His concern is genuine, and I share it.

So let me say this, and be as clear and loving as I know how to be:

If you believe that the Holy Spirit works through the written word of God, you go right on believing it. It’s true. He inspired it. He reveals God through it. He tells the gospel of Jesus Christ with it. As I just wrote in a comment on the previous post, scripture is the tangible way we have been given to know of God.

However …

If you believe that the Holy Spirit works ONLY through the written word of God, I would only ask that you be open to the other ways and possibilities described in scripture. I have only described what I find to be revealed there in these posts. I have not quoted other sources or supposed authorities or recounted personal experiences of myself or others in support of the conclusions I’ve drawn.

Don’t let what others have written or taught you personally on the matter limit your perception of the Spirit’s power, or God’s giving of it. Don’t trust what men write – not even what I write. Go to scripture. Read it for yourself. Draw your own conclusions. Prove all things. Hold fast what’s good.

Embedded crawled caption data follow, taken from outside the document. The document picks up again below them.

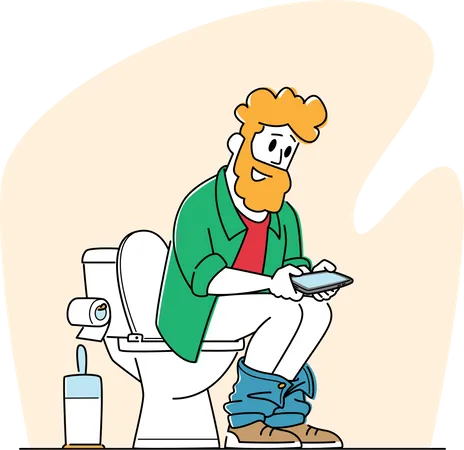 Homme utilisant un smartphone assis dans les toilettes  Illustration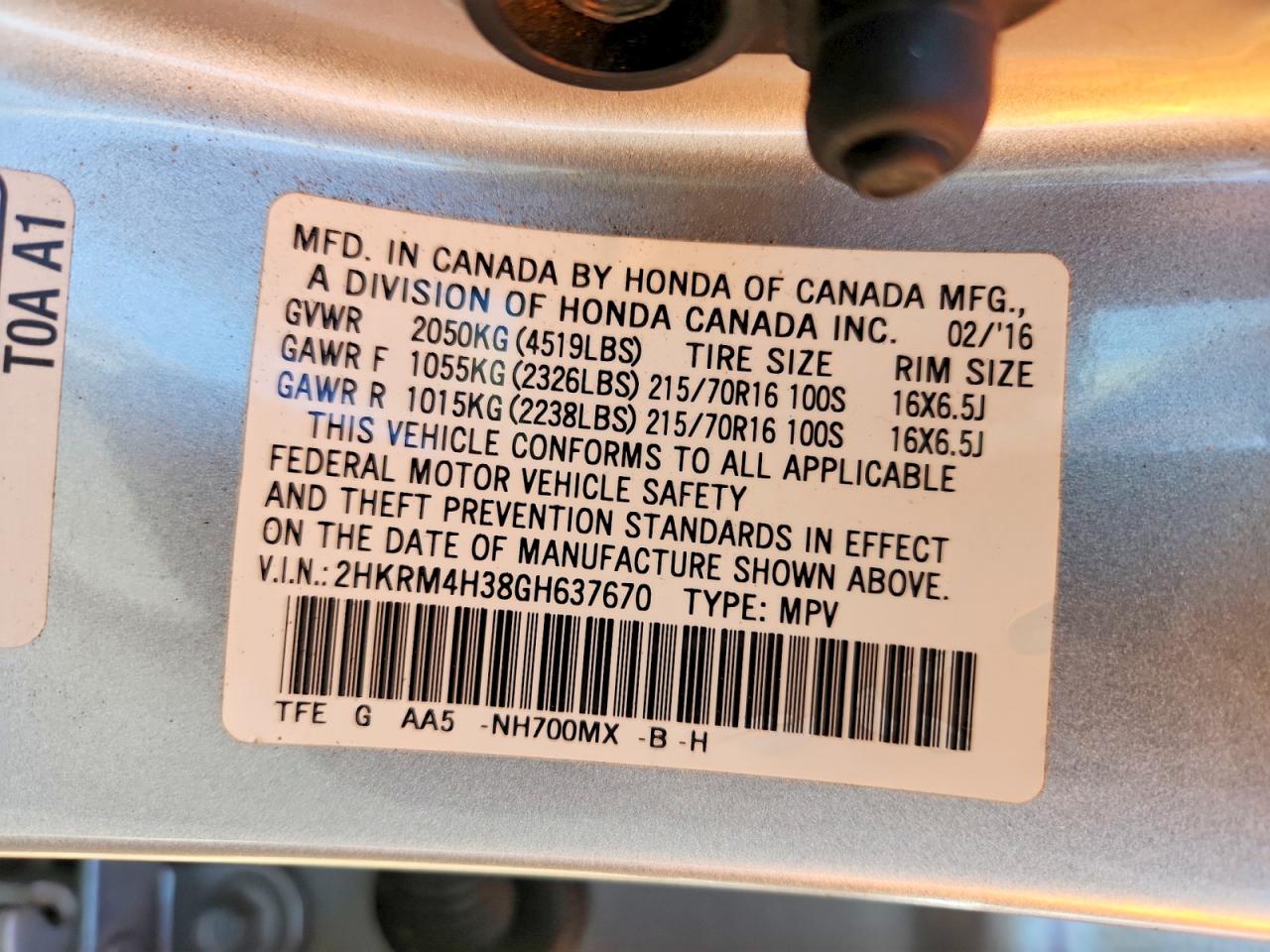 2016 HONDA CR-V LX photo 25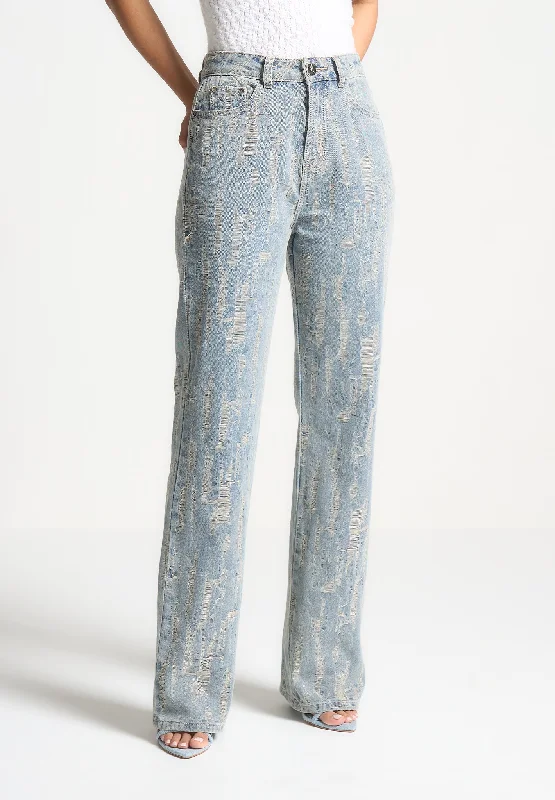 Distressed Boyfriend Jeans - Mid Blue Chic Dark-Wash Skinny Jeans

Here’s why I believe the Holy Spirit – fully empowered by our permission as well as God’s gift in our lives – matters.

There are too many instances given in scripture in which the Holy Spirit is spoken of as being given to believers, dwelling within them, giving them gifts, acting with God’s purpose and glory, benefiting His children, propelling His gospel, glorifying the Christ … which simply cannot be fully done by written scripture alone.

A commenter at New Wineskins once observed, “If the Holy Spirit still dwells within believers, why do we not all believe the same thing?”

I should have answered, “If the word alone is perfect, why do we not all believe the same thing?”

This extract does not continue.